Record excerpts ::
/---
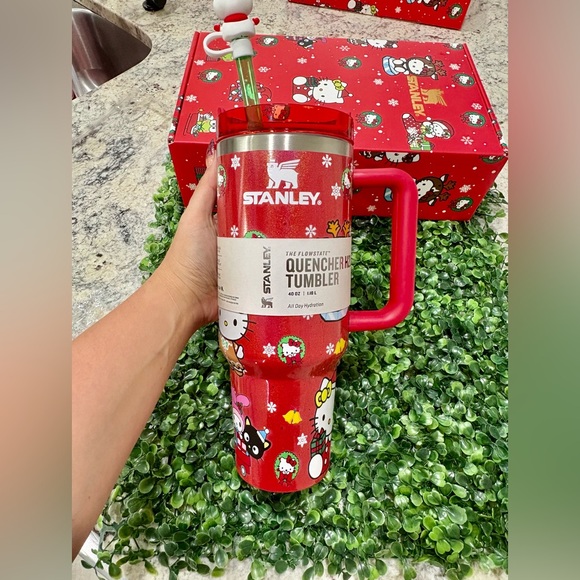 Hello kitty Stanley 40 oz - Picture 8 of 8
\---
/---
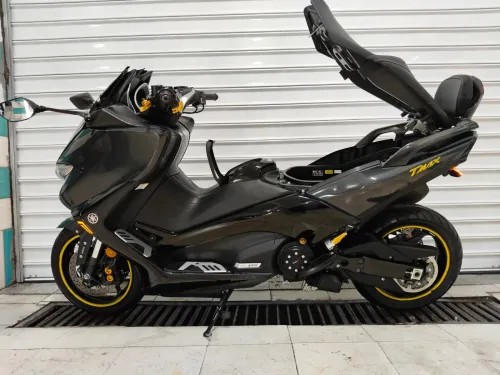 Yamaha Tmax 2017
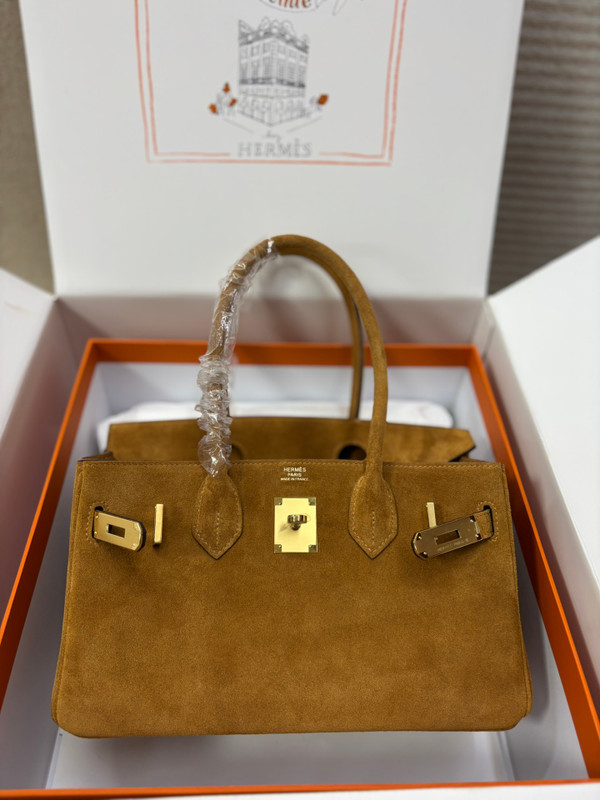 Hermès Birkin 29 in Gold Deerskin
\---
/---
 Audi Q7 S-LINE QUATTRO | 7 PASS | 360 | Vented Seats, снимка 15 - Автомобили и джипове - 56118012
\---
Exercise ::
Copy the entries above exactly, but only the stretch from the line containing "Yamaha Tmax 2017" through the line containing "Hermès Birkin 29 in Gold Deerskin". Keep both end lines; drop the pictures.

Exercise result ::
 Yamaha Tmax 2017
 Hermès Birkin 29 in Gold Deerskin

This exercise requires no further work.